There was a touch of New York’s Blue Note jazz club at WAAPA the other evening, as cool vibes filled the Geoff Gibbs Theatre.
Guest pianist and composer Barney McAll fired up a stage brimming with budding talent, courtesy of the Academy’s best and brightest instrumentalists and vocalists.
The Aria-winning Australian jazzman ran through a scintillating selection of his works, which span the galaxy of soul, swing, fusion, Afro-Cuban, Dixieland and spiritual.
There were sweet vocals, choral harmonies, piano trios, swinging solos and the driving walls of brass that defined the 1940s Big Band era.
Yet through it all were the distinctive McAll piano, melodies, tonal variations, progressions and luscious touches that have had many critics call the Melbourne-raised musician a master of the genre.
Throughout the concert, sponsored by philanthropists Brigid and Ronald Woss, McAll’s trademark complex sound pathways would joyously resolve into the heart of melody, revealing a jazz composer with a deep, insightful feel for the beauty of alluring and evocative arrangement.
There was also some fine improvisation, the essence of great jazz, performed with pizzazz and confidence by all the musicians.
McAll regularly praised his young charges and informed a thrilled audience that they were witnessing the future of jazz music.
Between pieces he related a bit about his own life, including many formative years spent in the US. He also told a few yarns between tunes, some about his heroes, including the great Thelonius Monk.
McAll completed his Bachelor of Music at the Victorian College of Arts in Melbourne before moving to New York City in 1997 to join saxophonist Gary Bartz’s band.
He also played with the Josh Roseman Unit, Fred Wesley and the JB’s, Groove Collective, and Kurt Rosenwinkel’s Heartcore. Seeking greater knowledge and inspiration he went on to study in Cuba, and has played with the many of the Who’s Who of the modern US jazz scene.
Hence McAll has accrued extensive musical knowlegde, and the subtle influences and nuances of the greats shine through in his sparkling repertoire.
In 2015, he was the recipient of the Peggy Glanvill-Hicks composer residency in Sydney.
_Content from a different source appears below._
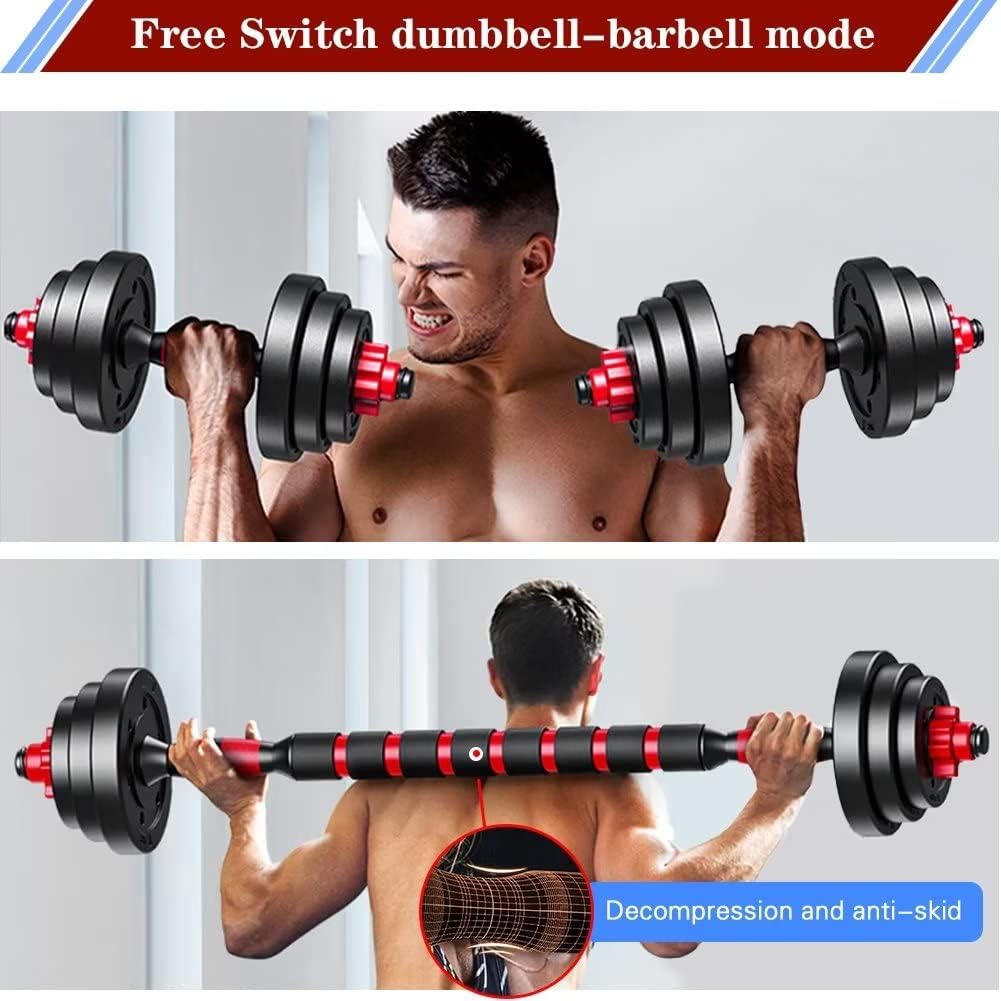 Adjustable-Dumbbells-Sets Free Weights Dumbbells Set of 2 Convertible To Barbell A Pair of Lightweight for Home Gym Equipment 20/30/40/60/80lbs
He has headed up several of Australia’s best jazz ensembles and has produced a string of albums while regularly performing internationally.
At the 2015 Aria Awards McAll won Best Jazz Album for Mooroolbark, from which he played a piece at WAAPA the other night.
It was a fantastic night under the spell of an Australian jazz maestro, with many of us departing humming a catchy or haunting McAll refrain.